Starts August 20
Filmed in Kyrgyzstan, Tengri is based on the book Jamilia by Chingiz Aitmatov. It is a simple, but beautiful love story filmed by French director Marie-Jaoul de Poncheville.
Temür returns to his native village after the loss of his wife and child. His father has died, but the villagers, who live in yurts and raise livestock, agree that he should stay. Through his eyes we observe the interaction of men and women in a traditional community, where women do most of the work, and suffer at the hands of their husbands who love two things: alcohol and Allah. Temür falls in love with Amira. Her absentee husband Shamshi has dedicated his life to serving Allah and fights the Taliban in Afghanistan. Amira’s sister is a battered wife, who eventually succumbs to the blows of her primitive husband. Shamshi returns from the battlefields to harass Amira so that she soon visualizes a fate similar to that of her sister. She and her lover Temür flee, first to her parents who refuse to take her in, and then through the mountains of Soviet Central Asia to freedom and a new life, with Shamshi and his drunken friends hot on their trail.

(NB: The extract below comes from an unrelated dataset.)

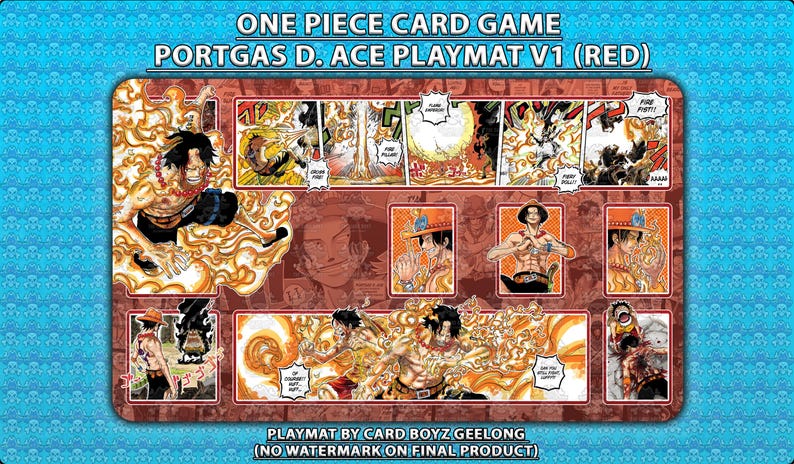 May include: A red and brown playmat for the One Piece card game, featuring Portgas D. Ace. The design includes comic-style panels and illustrations of the character in action, with fiery effects and the text "ONE PIECE CARD GAME PORTGAS D. ACE PLAYMAT V1 (RED)".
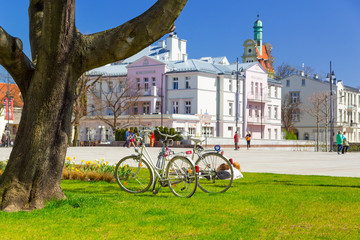 Idyllic spring scenery on the square in Sopot, Poland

Tengri was sponsored by French and German film funding and showed at several festivals, e.g., in Seattle and Palm Springs. The story is simple and universal (“Tengri” means “universal” or “eternal blue sky” and gives the name to an ancient religion called Tengriism). Most interesting to viewers from the Western World would probably be the beautiful, rugged, sparsely populated mountainside and the music which seems to be folk songs – also quite beautiful. Actors are Elim Kalmouratov, Albina Imasheva, Helene Patarot.